A priori estimates for general elliptic and parabolic boundary value problems over irregular domains
Maria R. Lancia, Alejandro Vélez-Santiago
TL;DR
This work develops a unified variational framework to analyze a broad class of local and nonlocal elliptic and parabolic boundary value problems on irregular domains. It introduces generalized operators $\mathcal{A}$ and $\mathcal{B}$, nonlocal boundary data $\mathcal{J}_{\Omega}$ and $\Theta_{\Gamma}$, and a Wentzell-type boundary form $\Lambda_{\Gamma}$ with boundary measure $\mu$, yielding a coercive, continuous bilinear form $\mathcal{E}_{\mu}$. The authors prove solvability, global regularity, and $L^\infty$-type a priori estimates for weak solutions, along with inverse-positivity principles, for both elliptic and parabolic problems across a wide spectrum of irregular domains (e.g., $(\epsilon,\delta)$-domains, Reifenberg flat domains, ramified fractals) and boundary geometries (including Koch snowflakes). They also construct and analyze nonlocal operators (Besov-type maps and Dirichlet-to-Neumann) within this setting, enabling fractional-type interior and boundary data and broad applications to diffusion, heat transfer, and transport on fractal interfaces. The results provide robust tools for modeling physical processes on rough surfaces and irregular regions, with implications for engineering, physics, and probability (stable-like processes).
Abstract
We investigate the realization of a myriad of general local and nonlocal inhomogeneous elliptic and parabolic boundary value problems over classes of irregular regions.

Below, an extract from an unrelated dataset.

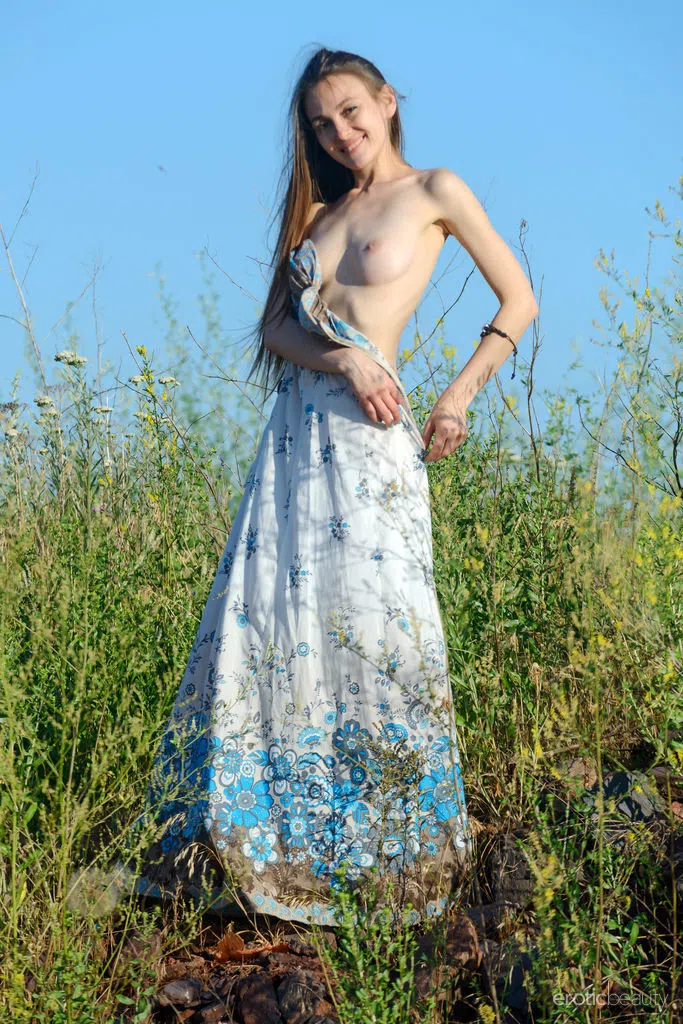 selin-erotic-beauty-67503 Of Page 3-11.webp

We present a unified approach in which either local or nonlocal Neumann, Robin, and Wentzell boundary value problems are treated simultaneously. We establish solvability and global regularity results for both the stationary and time-dependent heat equations governed by general differential operators with unbounded measurable coefficients and various boundary conditions at once, first on a general framework, and then by presenting concrete important examples of irregular domains, Wentzell-type boundary conditions, and nonlocal maps. As a consequence, we develop a priori estimates for multiple differential equations under various situations, which are tied to a large number of applications performed over real world regions, such heat transfer, electrical conductivity, stable-like processes (probability theory), diffusion of medical sprays in the bronchial trees, and oceanography (among many others).